The first vow is a very thorough-going renunciation of the world. In his tonsure, the postulant dies to the world. In the Evagrian tradition, represented in the West by St John Cassian, the renunciation of the world is the basis of the ascetic journey to God.

The next vow is the vow of stability in the Monastery. As we pointed out in the previous post, in the Orthodox Church a monk must be a monk in a monastery somewhere. There are no monks of nowhere in particular. It is a saying of the Fathers that the tree (monk) which is often uprooted does not take root and grow.

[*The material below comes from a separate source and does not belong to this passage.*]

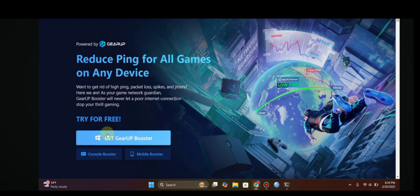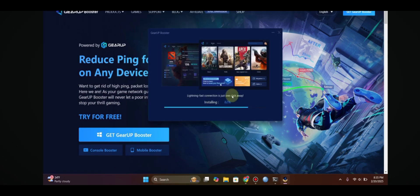...an option that says 'Get GearUp Booster,' and beneath it you will find the download button. If you are using Windows, simply click that option to start the download. After the download is complete, proceed with the installation.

The next vow is the vow of obedience. This is not only a matter of good order in the Church, a means to control unruly fellows who want to become monks (or unruly women who want to become nuns). Obedience is the imitation of Christ, who was obedient up to death. Obedience is the primary means of combating pride, the worst of all the passions. Here we see the very close correspondence of the vows to the life of asceticism. The vows are the primary structure of the ascetical way of life.

The next vow is endurance in the afflictions and deprivations of the monastic life. Here it is well to understand the context of the vow. The vow foresees a situation much like Fourth Century Egypt where men and women left the cities to go into the desert, where they suffered great deprivation in material things and where they engaged in hand-to-hand combat with the Devil and his demons. The priest is asking the postulant whether he is willing to endure to the end in that struggle.

We might say that poverty is taken for granted in this vow, without for all that this vow being a vow of poverty. Poverty is also taken for granted in the catechism.

The next vow, the classic vow of Monastics, has three elements: virginity, chastity (or, prudence) and piety. As we have pointed out, in the Orthodox Church, ‘virginity’ has never been interpreted to mean that married men cannot become monks, or married women nuns. Neither is it taken to exclude sinners from the monastic life. Virginity is taken to mean chastity in the subsequent monastic life. Moreover, in the Orthodox Church, there is not a narrow focus on chastity: the vow of chastity is combined with elements of a proper way of life for a Monastic: the vow foresees that the Monastic will not only be chaste but also have the proper mental attitude of prudence and piety. This means that the Monastic does not keep a physical chastity while living a worldly life of going to the opera or movies, watching TV, that sort of thing. There is a fundamental (re)orientation of the person towards a life of measured, serene piety—religious practice—and towards a life that avoids excess or foolishness.

The next vow is the 900-word vow which describes the monastic life in detail.

Note the military imagery of the ‘post’ and the ‘service’ of the monastic life before Christ the King.

Note the emphasis that the person must avoid the monastic vices and aspire to the monastic virtues. Becoming a monk is not only a matter of leading a life of piety—we can do that as pious lay people in the married state—but of transforming ourselves, with the help of Christ from persons full of vice to persons full of virtue.